Supplied data =>
+--
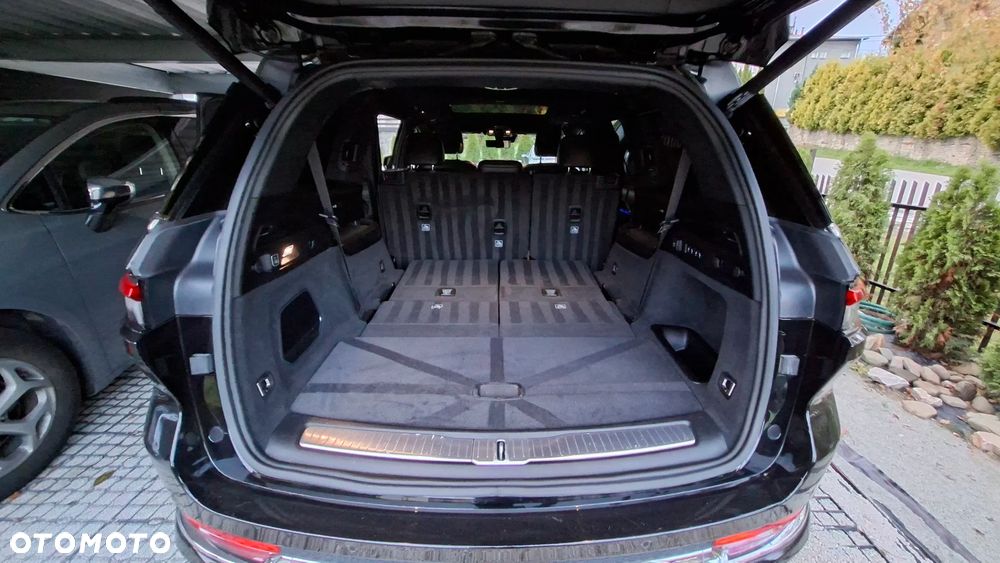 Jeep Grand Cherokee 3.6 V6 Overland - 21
+--
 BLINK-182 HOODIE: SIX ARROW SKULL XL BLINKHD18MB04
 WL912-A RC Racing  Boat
+--
What you need to do =>
Above are the records; print exactly the lines from the line with "BLINK-182 HOODIE: SIX" to the line with "WL912-A RC Racing", including both, and nothing else.

Result of the task =>
 BLINK-182 HOODIE: SIX ARROW SKULL XL BLINKHD18MB04
 WL912-A RC Racing  Boat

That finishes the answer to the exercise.